Menjadi ibu sekaligus pekerja bukan hal yang mudah. Tuntutan di rumah dan di tempat kerja sering kali datang bersamaan, membuat energi terkuras tanpa terasa. Jika tidak dikelola dengan baik, kondisi ini bisa berujung pada burnout kelelahan fisik, emosional, dan mental yang berkepanjangan.
Oleh karena itu, penting bagi ibu pekerja untuk memiliki batasan yang sehat agar tetap seimbang dan produktif. Berikut lima batasan sehat yang bisa diterapkan.
5 Batasan Sehat bagi Ibu Pekerja agar Terhindar dari Burnout

1. Membatasi jam kerja yang jelas
Menentukan jam kerja yang tegas adalah langkah penting untuk menjaga keseimbangan hidup. Banyak ibu pekerja terjebak dalam kebiasaan “selalu siap” bahkan di luar jam kerja, terutama dengan adanya teknologi yang memungkinkan komunikasi tanpa henti.
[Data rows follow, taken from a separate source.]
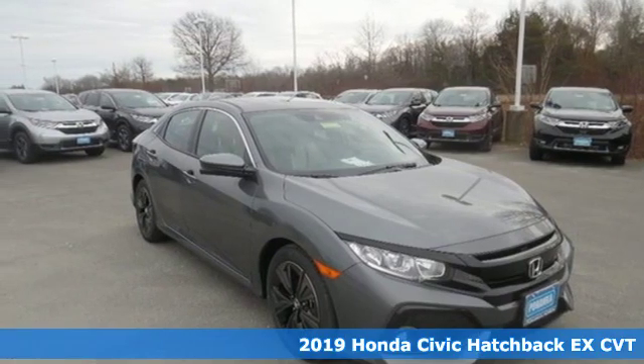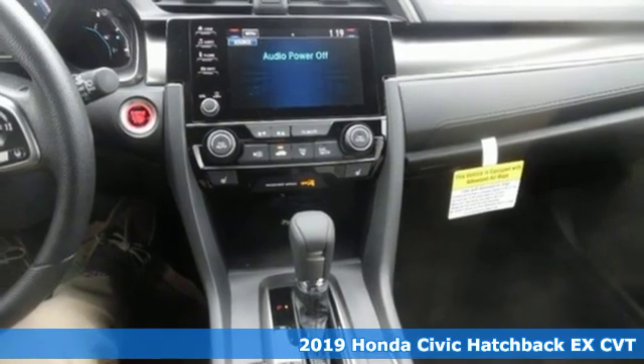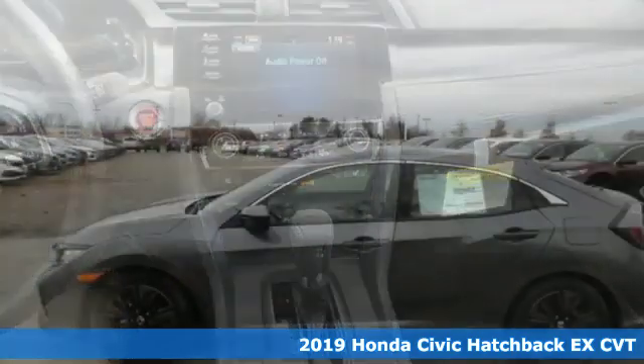Here's a new 2019 Honda Civic Hatchback. Every Honda's designed with the driver in mind. It comes with great features you'll love.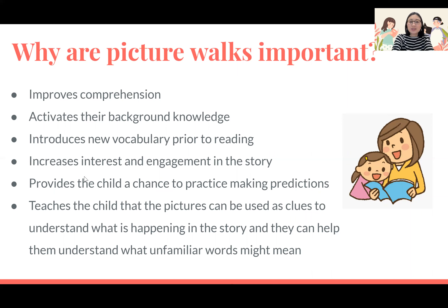Picture walks also help to increase interest and engagement in the story, and they give the child a chance to practice making predictions. This is a great way to support comprehension before reading — flipping through pages, looking at pictures, and making guesses about what the story might be about, what might be happening, who the characters might be, and where the story might take place. This is a great help when the child is trying to decode new words and read the text later on.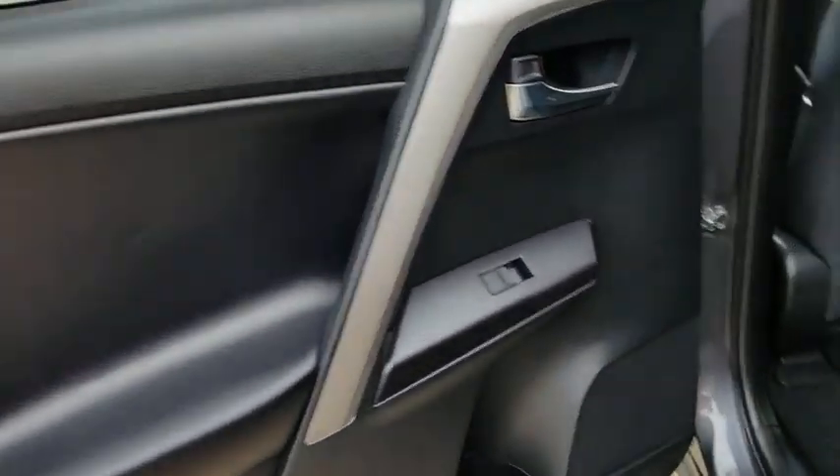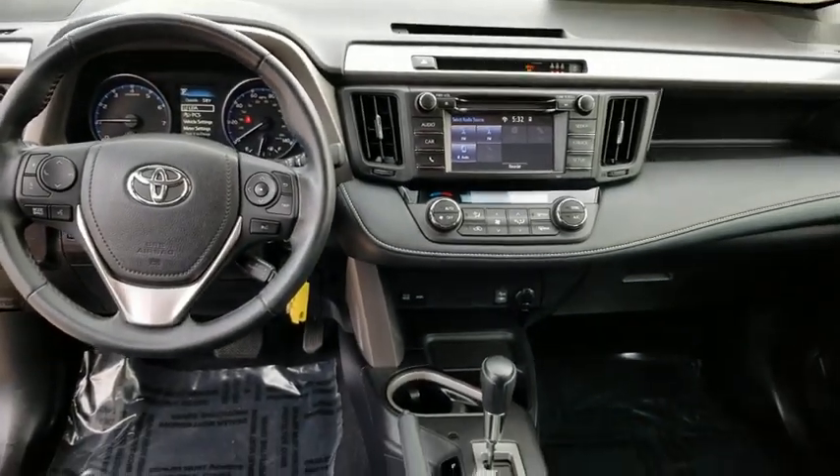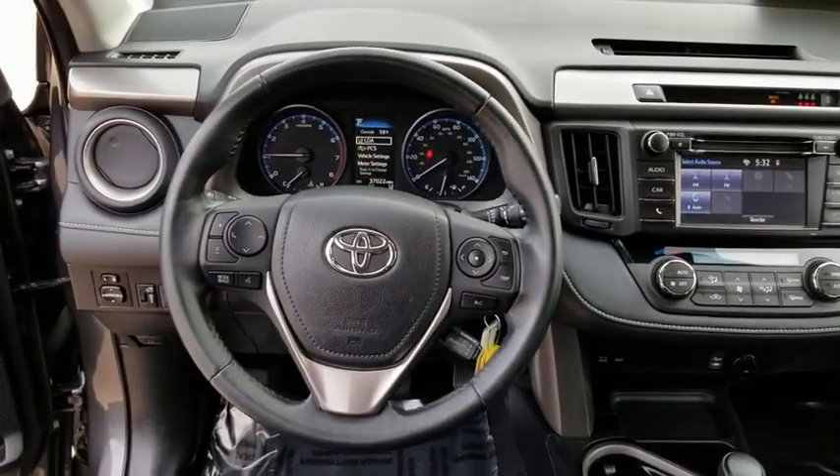Power steering, alloy wheels, adjustable steering wheel, cruise control, aluminum wheels, four-wheel disc brakes, climate control, rear defrost, AM-FM stereo radio. Your new ride is just a phone call away.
Tanpa batas yang jelas, waktu istirahat dan waktu bersama keluarga bisa terganggu.
Dengan menetapkan jam kerja yang konsisten, kamu memberi ruang bagi diri sendiri untuk benar-benar beristirahat. Setelah jam kerja selesai, usahakan untuk tidak membuka email atau pesan kantor kecuali dalam kondisi mendesak. Ini bukan soal kurang profesional, tetapi tentang menjaga keberlanjutan energimu dalam jangka panjang.
2. Tidak selalu mengiyakan semua permintaan
Ibu pekerja sering merasa harus memenuhi semua ekspektasi baik dari atasan, rekan kerja, maupun keluarga. Akibatnya, banyak yang sulit mengatakan “tidak” meskipun kapasitas sudah penuh. Kebiasaan ini justru mempercepat kelelahan dan menurunkan kualitas kerja.
Belajar mengatakan “tidak” secara asertif adalah bentuk self-respect. Kamu bisa menolak dengan cara yang sopan dan profesional, misalnya dengan menawarkan alternatif waktu atau solusi lain. Dengan begitu, kamu tetap menjaga hubungan baik tanpa mengorbankan kesehatan diri sendiri.
3. Memisahkan peran rumah dan pekerjaan
Salah satu tantangan terbesar adalah ketika batas antara pekerjaan dan rumah menjadi kabur, terutama bagi yang bekerja dari rumah. Pikiran tentang pekerjaan bisa terbawa ke rumah, begitu juga sebaliknya. Hal ini membuat otak tidak pernah benar-benar beristirahat.
Cobalah menciptakan “ritual transisi” sederhana, seperti mengganti pakaian setelah pulang kerja atau meluangkan waktu 10–15 menit untuk relaksasi sebelum berinteraksi dengan keluarga. Dengan cara ini, kamu membantu diri sendiri berpindah peran dengan lebih sehat dan sadar.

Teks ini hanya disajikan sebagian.